No palco EDP Music Valley (que dista do Palco Mundo o suficiente para não se ouvir ecos dos UB 40) espera-se pela entrada em cena do Ney Matogrosso-- que se apresenta após a entrada dos músicos que foram apresentados por uma voz off assim como é referenciado o designer das luzes, etc— e é invadido por uma ovação dos fãs que se deveriam ajoelhar perante este mito brasileiro que canta como se cada palavra fosse um organismo vivo que se complementa numa poética que recorre aos Secos & Molhados e ao seu repertório a solo, e as canções (MPB, rock, bossa nova) evocam locais onde a emancipação do homem se dá através do momento que toma conhecimento da razão e está faz crer ao individuo que a liberdade é fundamental para a sua felicidade, estas canções são tão pertinentes hoje quanto fizeram quando dominava a ditadura militar no Brasil, que infelizmente continua manietada às mãos dos militares e dos juízes, tendo como representante alguém tão néscio quanto Bolsonaro. (Ney Matogrosso não é só um mito da música popular brasileira é um guerreiro que através dos seu canto de ave de rapina se enuncia como um corpo livre e assim lhe segue a alma, do primeiro a multidão pediu que despisse o casaquinho mas recusou: “Está correndo um vento frio nas minhas costas…”, mas mesmo assim anui e abre-o ligeiramente e a galera delira por o cantor ser tão complacente quanto simpático).

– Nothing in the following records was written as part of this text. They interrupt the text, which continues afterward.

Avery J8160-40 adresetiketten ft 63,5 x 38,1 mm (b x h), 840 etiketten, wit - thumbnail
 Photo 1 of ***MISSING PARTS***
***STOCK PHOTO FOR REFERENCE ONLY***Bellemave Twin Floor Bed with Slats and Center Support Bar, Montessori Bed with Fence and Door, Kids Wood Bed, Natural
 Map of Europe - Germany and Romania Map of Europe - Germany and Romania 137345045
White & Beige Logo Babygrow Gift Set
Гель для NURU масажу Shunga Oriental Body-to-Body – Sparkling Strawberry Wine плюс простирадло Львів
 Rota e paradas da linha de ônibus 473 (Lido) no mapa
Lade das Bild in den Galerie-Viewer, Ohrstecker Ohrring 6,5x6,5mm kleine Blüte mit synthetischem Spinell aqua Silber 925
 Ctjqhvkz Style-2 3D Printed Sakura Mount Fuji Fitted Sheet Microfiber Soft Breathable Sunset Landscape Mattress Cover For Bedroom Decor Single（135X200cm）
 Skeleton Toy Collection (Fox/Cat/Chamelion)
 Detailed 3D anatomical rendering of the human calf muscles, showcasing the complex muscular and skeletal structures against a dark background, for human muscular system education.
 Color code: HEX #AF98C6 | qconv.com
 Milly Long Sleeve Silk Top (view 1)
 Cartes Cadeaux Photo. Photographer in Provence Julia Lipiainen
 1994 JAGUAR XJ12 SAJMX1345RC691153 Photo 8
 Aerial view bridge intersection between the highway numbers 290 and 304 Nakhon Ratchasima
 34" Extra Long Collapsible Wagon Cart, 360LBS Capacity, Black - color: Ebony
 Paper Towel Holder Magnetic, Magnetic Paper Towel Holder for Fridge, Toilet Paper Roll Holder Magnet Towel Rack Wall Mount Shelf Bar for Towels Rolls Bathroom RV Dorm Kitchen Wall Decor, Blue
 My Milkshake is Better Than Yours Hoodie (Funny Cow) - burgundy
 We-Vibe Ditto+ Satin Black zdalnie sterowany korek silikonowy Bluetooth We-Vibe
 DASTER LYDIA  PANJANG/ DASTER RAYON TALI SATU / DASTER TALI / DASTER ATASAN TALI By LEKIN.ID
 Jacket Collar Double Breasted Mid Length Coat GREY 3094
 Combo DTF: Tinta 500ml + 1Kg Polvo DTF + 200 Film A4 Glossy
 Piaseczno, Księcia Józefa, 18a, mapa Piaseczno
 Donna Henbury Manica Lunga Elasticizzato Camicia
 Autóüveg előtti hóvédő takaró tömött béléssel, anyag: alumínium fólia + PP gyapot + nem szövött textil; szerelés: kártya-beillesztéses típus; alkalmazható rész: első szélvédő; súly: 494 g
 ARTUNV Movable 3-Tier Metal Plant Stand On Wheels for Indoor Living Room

No Palco Mundo surgem os noruegueses a-ha que são compostos por um trio no qual se insere o vocalista Mortem Harket que apresentam um conjunto de canções predominante pop com laivos de uma sobriedade que é somente assoberbado pelos teclados que lhes incutem uma característica synth mas afincadamente kitsch, mas o centro das atenções não é somente Mortem Harket com o seu timbre em falseto (e que esteve irrepreensível durante a hora que esteve em palco), mas também o guitarrista Paul Waaktaar que fez solos épicos mas contidos que introduziram uma urgência rock às canções que disso precisavam, há ainda a realçar que apesar de transporem fielmente os originais que lhes deram fama na década de oitenta (principalmente) estas tinham inúmeros pormenores lhes ofereciam laivos de alguma contemporaneidade. De realçar o discurso de Magne Furuholmen sobre o atentado a um grupo de gays em Oslo, sublinhando que todos têm o direito de se relacionarem livremente.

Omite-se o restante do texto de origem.